Świniarsko: sprawa spowodowania katastrofy, w której zginęły trzy osoby, trafiła do sądu

Świniarsko: sprawa spowodowania katastrofy, w której zginęły trzy osoby, trafiła do sądu

Do Sądu Okręgowego w Nowym Sączu trafił akt oskarżenia przeciwko kierowcy samochodu ciężarowego, który 2 września 2019 roku w Świniarsku wjechał w autobus kursowy. Podróżowało nim 35 osób, w tym uczniowie wracający z rozpoczęcia roku szkolnego. W skutek obrażeń poniesionych w wypadku zmarły trzy osoby. 

,,Oskarżonemu zarzucono, iż umyślnie naruszył zasady bezpieczeństwa w ruchu drogowym poprzez niedostosowanie taktyki i techniki jazdy do panujących warunków drogowych oraz prowadził pojazd z nadmierną prędkością (wyższą o około 17 km/h od administracyjnie dopuszczalnej), niezapewniającą panowania nad pojazdem oraz wydłużającą drogę hamowania” – informuje rzecznik prasowy, prokurator Leszek Karp.

Tragiczny początek roku szkolnego

Do dramatycznego wypadku doszło 2 września 2019 roku. Autobus kursowy zmierzał w kierunku Podrzecza. Około 10:20 na drodze powiatowej w Świniarsku kierowca samochodu ciężarowego marki Scania, chcąc uniknąć zderzenia z zatrzymującym się, poprzedzającym  go Oplem Vivaro, zjechał w lewo na sąsiedni pas jezdni i uderzył w nadjeżdżający z naprzeciwka autobus kursowy marki Mercedes-Benz. Pojazdy zderzyły się czołowo, a co więcej – w tył autobusu wjechał samochód osobowy Seat Cordoba.

W wyniku wypadku, który został zakwalifikowany jako katastrofa w ruchu lądowym, trzech pasażerów autobusu poniosło śmierć, a jego kierowca doznał ciężkich obrażeń ciała. Nadto obrażeń ciała doznało aż 28 pasażerów autobusu, w przypadku 9 osób były one poważne.

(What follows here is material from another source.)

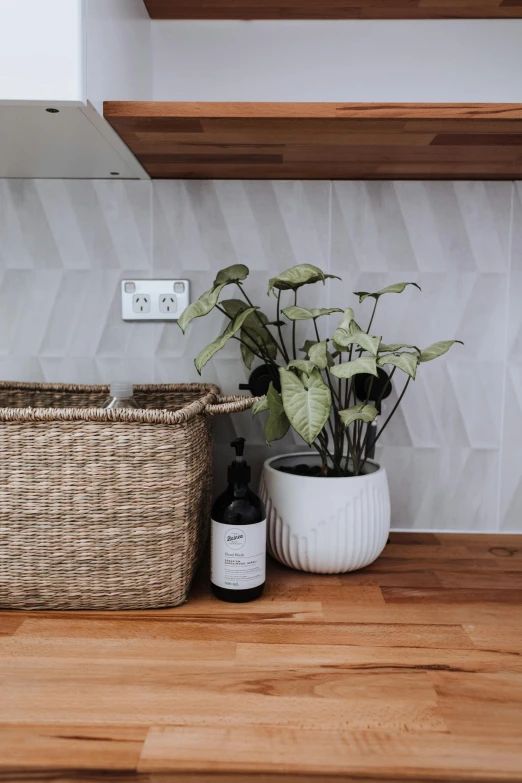 a potted plant sitting on top of a wooden counter, by Daarken, minimalism, oven, electrical details, flatlay, perfectly tileable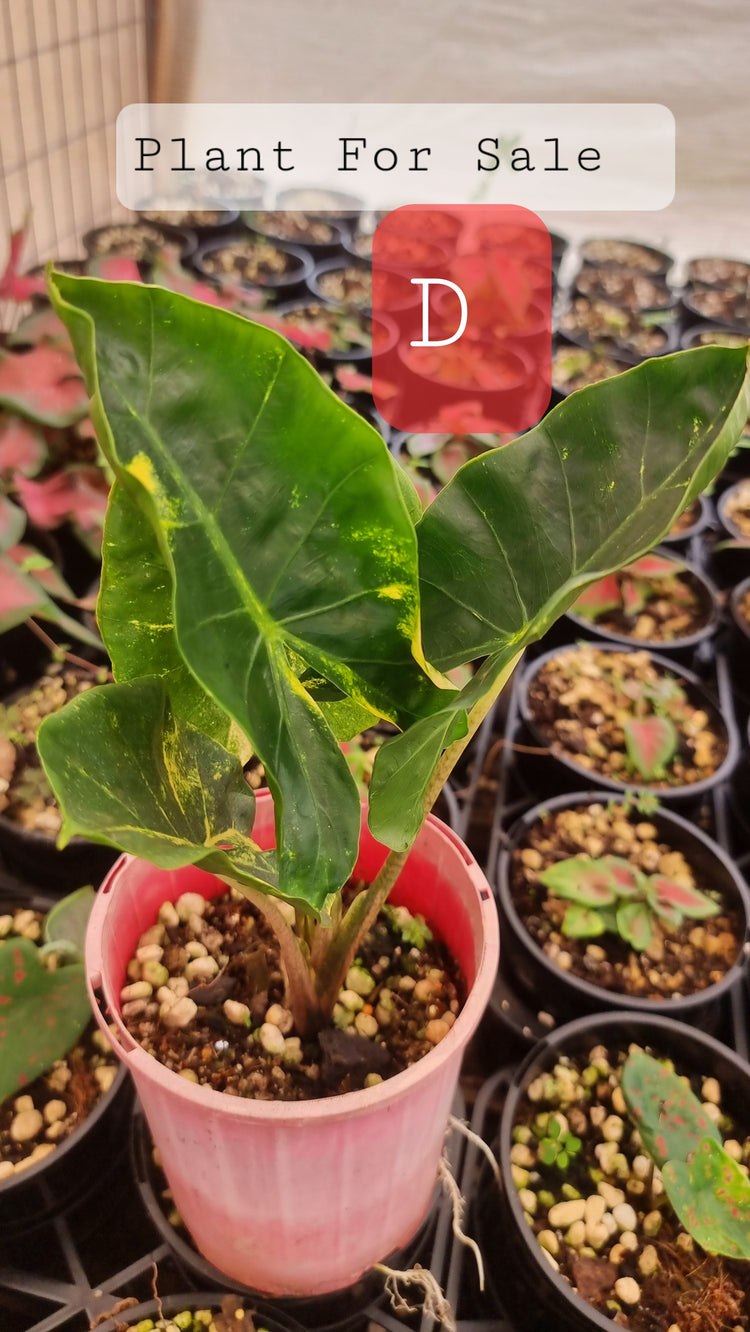 Alocasia Macrorrhiza 'New Guinea Gold'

Początkowo 46-letni kierowca ciężarówki pochodzący z gminy Chełmiec usłyszał zarzut umyślnego spowodowania katastrofy w ruchu lądowym ze skutkiem śmiertelnym. Za to groziło mu nawet 12 lat więzienia. Jednak, jak poinformował w ubiegłym miesiącu prokurator Leszek Karp, prokuratura zmieniła zarzut, uznając iż oskarżony wskutek naruszenia zasad dotyczących bezpieczeństwa na drodze, nieumyślnie spowodował katastrofę w ruchu lądowym. Za to grozi mu maksymalnie 8 lat pozbawienia wolności.